State Senator Neil Anderson opposed legislation that would increase Illinois’ minimum wage to $15 statewide over the next six years. Senate Bill 1 passed the Senate Thursday despite Anderson’s call for further negotiations and regional protections.
“The economic diversity of this state is something that must be considered when discussing a minimum wage increase,” said Sen. Anderson. “The differences of Chicago versus my region of the state are vast and need to be examined. Residents in my region already have no problem hopping over the border to Iowa, what will happen when Illinois businesses are forced to take their business, the jobs they provide and the taxes they pay across state lines?

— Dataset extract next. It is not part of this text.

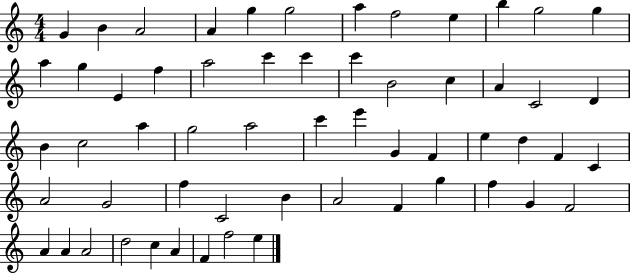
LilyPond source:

They won’t think twice about going elsewhere.”
Sen. Anderson added that the 82% increase included in this proposal is expected to not only take a massive toll on small and local businesses, but non-profits, universities, nursing homes and government agencies will also see major impacts.

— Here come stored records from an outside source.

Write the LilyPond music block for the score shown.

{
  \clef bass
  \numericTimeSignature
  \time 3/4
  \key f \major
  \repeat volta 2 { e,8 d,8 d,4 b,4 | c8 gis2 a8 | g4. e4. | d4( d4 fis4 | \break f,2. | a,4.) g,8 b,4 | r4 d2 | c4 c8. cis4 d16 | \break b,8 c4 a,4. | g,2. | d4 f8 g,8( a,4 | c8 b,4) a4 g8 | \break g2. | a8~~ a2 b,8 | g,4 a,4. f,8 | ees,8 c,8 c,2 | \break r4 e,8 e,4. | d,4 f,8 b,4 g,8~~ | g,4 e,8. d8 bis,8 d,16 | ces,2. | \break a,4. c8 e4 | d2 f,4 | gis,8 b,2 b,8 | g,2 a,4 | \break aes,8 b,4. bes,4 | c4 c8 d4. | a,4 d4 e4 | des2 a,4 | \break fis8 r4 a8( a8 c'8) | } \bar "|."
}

In fact, according to Governor Pritzker’s own numbers, a $15 minimum wage would increase annual state payroll by more than $1 billion. Anderson also noted the following implications:
- Nursing homes can expect to see as much as $1.5 billion in increased Medicaid reimbursement costs from the state.
- The University of Illinois estimates an additional $73.5 million a year in salary costs, which raises the concern of increased tuition rates.
- Senior citizens on social security would see a rise in their cost of living and working parents would see a rise in childcare costs, even though these individuals won’t be getting an 82% increase in their income.
- Encourages large corporations to automate their systems and provide less jobs.
- Illinois companies’ ability to compete with those in other states would decrease.
“Those impacted the most are our not-for-profit organizations, who cannot take advantage of the weak 25% tax credit provided in the bill because they don’t pay income taxes,” said Sen. Anderson. “The implications of this proposal go on and on. The cost of living will rise and everyone will pay more for groceries, supplies, and gas. We’ll be right back to where we started, except for the middle class, which will be pulled down closer to poverty level. The State of Illinois surely can’t afford to pay for this, and its residents can’t either.”